Well, the disciple is very curious, and he doesn’t know what to make of all this, but he has no choice, he also continues on the journey with the master. And they wander around for a year, visiting all the towns on the teaching circuit, and, one year to the day, they happen to come back to the same village.
But now everything is different! The little hut they were looking for, where the poor man used to live, is gone! And, in its place, is a gigantic palace. The man is now obviously very rich. They try to knock on the door but nobody answers. Soon, the door opens, but out come a group of thugs from the private army of the man who lives in the palace. They come and shoo them away. So the master and the disciple start talking to the townspeople. It turns out the people are all grumbling, they’re angry. The newly rich man has become a real oppressor. He has become a tyrant.
The master and the disciple keep getting more information about the man, from sources closer to his inner circle. They learn that the once-humble man they helped has been thoroughly manipulated by his advisors. They have taken over his business, and they’re controlling him. It is the advisors who have created the tyranny in this town.
Nearly everybody is suffering and oppressed. The disciple turns to the master and says: “You caused this. You knew that this oppression would happen.”
The master looked deeply into his eyes and suddenly laughed at him. The pseudo-disciple got a queasy feeling in his gut. He became dizzy. The master waved his hand in front of the disciple’s face, as if casting or removing a spell.
In an instant, the palace disappeared and the old hut was back. The disciple was in shock. He shook himself to make sure he was really seeing this. Yes, it was true. He suddenly realized that in fact a year had not gone by, it was the same moment in which they had originally left the poor kind man, a year earlier. And there was the poor, simple man, smiling and waving good-bye.
It was the same moment. The year and its events had not actually occurred, it had all been an illusion. The disciple was speechless; he did not know what to make of it. Suddenly, he felt a whirlwind of emotions. He wanted to demand an answer from the master as to what kind of trick he had pulled. So he turned back to the Sufi master to confront him. But the master had disappeared; he was not to be found. The disciple tried to run after him, down the trail, from one village to another. He needed to find him again but he never did. And they say that to this day the disciple’s spirit is still wandering, looking for the master.

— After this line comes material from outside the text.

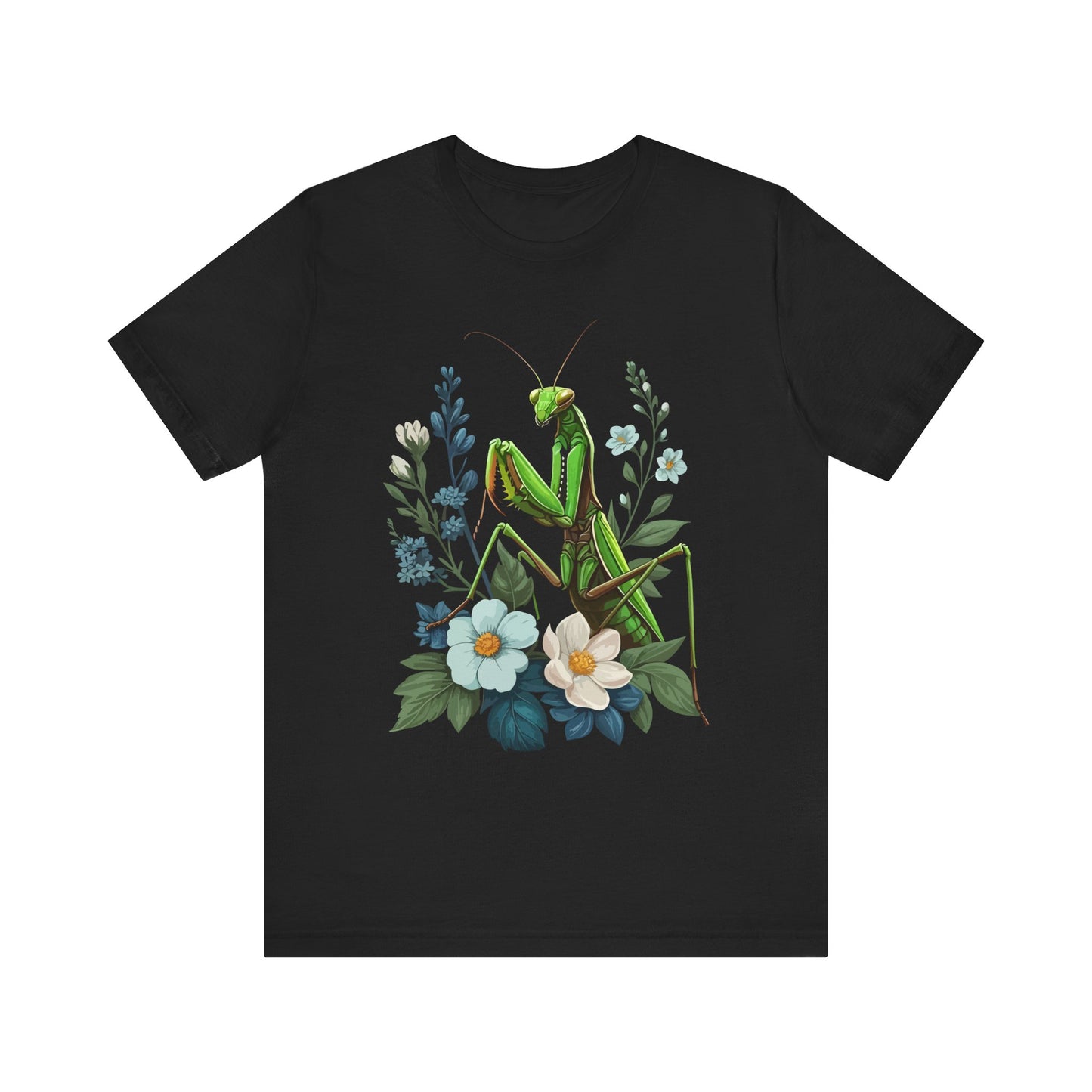 Mantis in the Flowers Unisex Jersey Tee - Casual Everyday Wear - Great for Insect Lovers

So, you can make out of that story anything you want, but in any case, it portrays very deeply the lostness that comes from the lack of trust and the inability to go beyond one’s egoic categories of what is good and bad, and what is real and unreal. We must be willing to pierce the boundaries of our own matrix of pseudo-certainty to discover the Truth.

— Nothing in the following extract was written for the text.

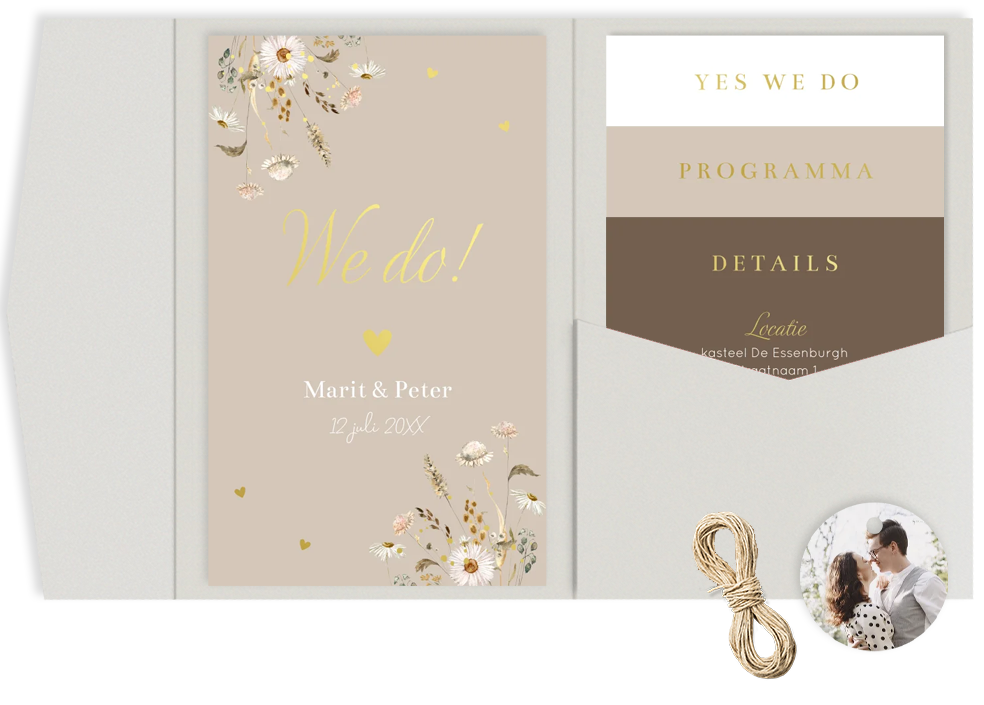 Pocketfold set trouwkaart beige veldbloemen goudfolie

So tonight, let us go beyond whatever paradigms and matrices of thought that we have constructed about what is real and discover the Supreme Real that is within, that cannot be understood by the ego-mind; let us enter the Real that is the Ground of all phenomena, that is the eternal enigma, the great mystery, the ultimate mystery of the cosmos, and yet the most intimate mystery of the Self. This is the treasure that is always waiting for us to discover and to be found by, the treasure of peace, of love, and of realization of the perfection of all that is.